In [46]:
import re
from sentence_transformers import SentenceTransformer
from neo4j import GraphDatabase


def chunk_by_page_tags(company_name, extra=100):
    """
    Returns chunks where each chunk contains:
    - the <page_number>X</page_number> tag
    - all text until the next <page_number> tag
    - PLUS extra characters (default = 100) after the page content
    """

    with open(f"../data/{company_name}_ocr.txt", "r", encoding="utf-8") as f:
        text = f.read()

    # Find all page tags in the document
    pattern = r"<page_number>\s*\d+\s*</page_number>"
    matches = list(re.finditer(pattern, text))

    chunks = []

    for i, match in enumerate(matches):
        # Start at the beginning of the page tag
        start = match.start()

        # End at the next page tag (or end of text)
        if i < len(matches) - 1:
            end = matches[i+1].start()
        else:
            end = len(text)

        # Add extra characters after this chunk
        end_with_extra = min(len(text), end + extra)

        chunk = text[start:end_with_extra].strip()
        chunks.append(chunk)
    print(f"succesfully created chunks for {company_name}")
    print(len(chunks))

    return chunks




chunks_meta = chunk_by_page_tags("meta")
chunks_nvidia = chunk_by_page_tags("nvidia")
chunks_google = chunk_by_page_tags("google")

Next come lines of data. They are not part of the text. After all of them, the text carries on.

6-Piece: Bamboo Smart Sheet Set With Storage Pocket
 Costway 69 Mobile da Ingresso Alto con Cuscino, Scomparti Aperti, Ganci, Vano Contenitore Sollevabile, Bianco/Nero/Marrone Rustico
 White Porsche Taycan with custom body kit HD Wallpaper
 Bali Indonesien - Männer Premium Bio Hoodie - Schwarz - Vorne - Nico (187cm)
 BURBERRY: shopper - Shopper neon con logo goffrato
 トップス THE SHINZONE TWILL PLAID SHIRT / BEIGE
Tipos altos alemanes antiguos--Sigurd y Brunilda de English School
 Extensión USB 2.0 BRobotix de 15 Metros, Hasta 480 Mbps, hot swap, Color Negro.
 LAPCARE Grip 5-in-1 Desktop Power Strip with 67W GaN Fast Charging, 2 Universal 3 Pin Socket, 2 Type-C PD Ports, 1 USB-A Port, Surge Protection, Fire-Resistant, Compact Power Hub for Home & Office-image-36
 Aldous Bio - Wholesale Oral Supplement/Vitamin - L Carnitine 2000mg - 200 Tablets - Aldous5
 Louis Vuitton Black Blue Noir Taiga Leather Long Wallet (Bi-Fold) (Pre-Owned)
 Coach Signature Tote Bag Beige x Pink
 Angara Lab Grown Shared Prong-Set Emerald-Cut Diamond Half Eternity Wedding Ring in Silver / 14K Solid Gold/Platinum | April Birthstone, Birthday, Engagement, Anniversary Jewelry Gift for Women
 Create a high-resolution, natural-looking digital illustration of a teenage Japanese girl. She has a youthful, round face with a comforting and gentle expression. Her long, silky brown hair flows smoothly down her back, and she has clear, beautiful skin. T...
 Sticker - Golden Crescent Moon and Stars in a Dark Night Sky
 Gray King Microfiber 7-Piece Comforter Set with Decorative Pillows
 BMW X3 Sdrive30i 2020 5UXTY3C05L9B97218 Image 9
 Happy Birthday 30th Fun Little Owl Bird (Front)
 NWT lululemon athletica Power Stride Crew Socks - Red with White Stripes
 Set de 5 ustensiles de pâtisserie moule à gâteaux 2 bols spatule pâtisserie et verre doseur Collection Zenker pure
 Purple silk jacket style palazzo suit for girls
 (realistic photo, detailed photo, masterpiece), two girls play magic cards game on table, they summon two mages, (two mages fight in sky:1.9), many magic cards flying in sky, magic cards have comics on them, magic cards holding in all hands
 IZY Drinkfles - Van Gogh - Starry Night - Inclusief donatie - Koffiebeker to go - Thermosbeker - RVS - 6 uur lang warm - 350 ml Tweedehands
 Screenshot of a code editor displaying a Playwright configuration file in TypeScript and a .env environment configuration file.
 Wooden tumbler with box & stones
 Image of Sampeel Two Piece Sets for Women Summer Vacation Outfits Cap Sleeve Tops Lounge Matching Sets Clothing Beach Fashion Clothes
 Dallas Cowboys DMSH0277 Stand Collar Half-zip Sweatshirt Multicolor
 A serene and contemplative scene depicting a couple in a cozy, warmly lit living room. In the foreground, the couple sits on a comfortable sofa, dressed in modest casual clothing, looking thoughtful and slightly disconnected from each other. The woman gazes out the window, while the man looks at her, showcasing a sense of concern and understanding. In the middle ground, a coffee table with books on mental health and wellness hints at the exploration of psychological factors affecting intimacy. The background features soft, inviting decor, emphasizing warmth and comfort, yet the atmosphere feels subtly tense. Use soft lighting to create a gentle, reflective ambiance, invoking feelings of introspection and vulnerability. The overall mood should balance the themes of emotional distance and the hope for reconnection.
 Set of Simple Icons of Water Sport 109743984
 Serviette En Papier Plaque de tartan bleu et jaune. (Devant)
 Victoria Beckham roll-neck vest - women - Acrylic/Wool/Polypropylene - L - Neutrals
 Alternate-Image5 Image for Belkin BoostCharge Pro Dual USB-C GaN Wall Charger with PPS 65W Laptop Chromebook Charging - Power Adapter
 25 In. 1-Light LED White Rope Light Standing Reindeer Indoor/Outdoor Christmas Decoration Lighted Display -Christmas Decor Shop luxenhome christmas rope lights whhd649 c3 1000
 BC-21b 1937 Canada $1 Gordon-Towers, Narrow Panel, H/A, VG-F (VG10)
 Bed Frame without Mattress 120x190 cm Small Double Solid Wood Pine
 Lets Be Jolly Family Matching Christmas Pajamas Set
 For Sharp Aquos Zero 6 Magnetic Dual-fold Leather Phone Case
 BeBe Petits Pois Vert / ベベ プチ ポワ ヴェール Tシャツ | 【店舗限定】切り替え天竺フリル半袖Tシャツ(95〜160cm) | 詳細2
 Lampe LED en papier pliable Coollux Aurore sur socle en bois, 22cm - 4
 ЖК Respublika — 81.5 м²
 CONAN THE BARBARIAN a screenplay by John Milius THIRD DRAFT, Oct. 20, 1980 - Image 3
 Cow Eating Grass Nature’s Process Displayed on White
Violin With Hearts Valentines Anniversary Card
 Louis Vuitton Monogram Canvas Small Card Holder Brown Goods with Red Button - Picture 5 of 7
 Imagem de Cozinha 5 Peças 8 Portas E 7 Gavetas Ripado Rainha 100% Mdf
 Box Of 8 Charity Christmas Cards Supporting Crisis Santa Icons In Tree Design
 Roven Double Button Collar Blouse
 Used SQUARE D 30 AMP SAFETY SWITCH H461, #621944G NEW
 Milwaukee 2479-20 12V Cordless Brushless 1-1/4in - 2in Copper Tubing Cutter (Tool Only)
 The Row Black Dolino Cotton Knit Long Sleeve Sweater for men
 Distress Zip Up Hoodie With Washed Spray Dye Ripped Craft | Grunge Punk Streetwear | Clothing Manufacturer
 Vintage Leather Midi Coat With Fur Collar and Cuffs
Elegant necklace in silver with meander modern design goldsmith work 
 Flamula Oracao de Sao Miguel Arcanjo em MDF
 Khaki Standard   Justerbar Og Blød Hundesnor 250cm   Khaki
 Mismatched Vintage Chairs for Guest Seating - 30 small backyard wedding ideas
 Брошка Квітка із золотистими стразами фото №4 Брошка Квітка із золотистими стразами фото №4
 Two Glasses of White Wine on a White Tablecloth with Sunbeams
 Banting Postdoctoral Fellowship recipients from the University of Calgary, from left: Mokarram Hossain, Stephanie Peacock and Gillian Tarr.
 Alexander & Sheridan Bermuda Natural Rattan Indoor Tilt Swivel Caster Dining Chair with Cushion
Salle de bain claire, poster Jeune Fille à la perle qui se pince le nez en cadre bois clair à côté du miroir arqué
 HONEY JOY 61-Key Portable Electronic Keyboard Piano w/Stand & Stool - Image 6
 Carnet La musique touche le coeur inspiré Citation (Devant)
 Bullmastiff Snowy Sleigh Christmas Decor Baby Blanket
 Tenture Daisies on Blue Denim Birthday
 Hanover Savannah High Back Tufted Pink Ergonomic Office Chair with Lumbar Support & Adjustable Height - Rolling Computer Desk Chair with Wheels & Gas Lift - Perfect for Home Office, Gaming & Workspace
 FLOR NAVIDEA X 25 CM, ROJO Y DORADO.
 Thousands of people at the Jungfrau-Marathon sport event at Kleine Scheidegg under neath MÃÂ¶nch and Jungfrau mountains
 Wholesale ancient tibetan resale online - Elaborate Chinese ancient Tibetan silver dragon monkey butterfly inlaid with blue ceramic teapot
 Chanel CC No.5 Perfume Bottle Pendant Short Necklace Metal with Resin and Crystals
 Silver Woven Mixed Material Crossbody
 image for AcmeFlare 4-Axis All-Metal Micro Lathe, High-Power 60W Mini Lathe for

succesfully created chunks for meta
69
succesfully created chunks for nvidia
37
succesfully created chunks for google
99


In [55]:
model = SentenceTransformer('sentence-transformers/all-MiniLM-L12-v2')


embeddings_meta = model.encode(chunks_meta)
embeddings_nvidia = model.encode(chunks_nvidia)
embeddings_google = model.encode(chunks_google)

In [70]:
driver = GraphDatabase.driver("neo4j://localhost:7687", auth=("neo4j", "graphgraph"))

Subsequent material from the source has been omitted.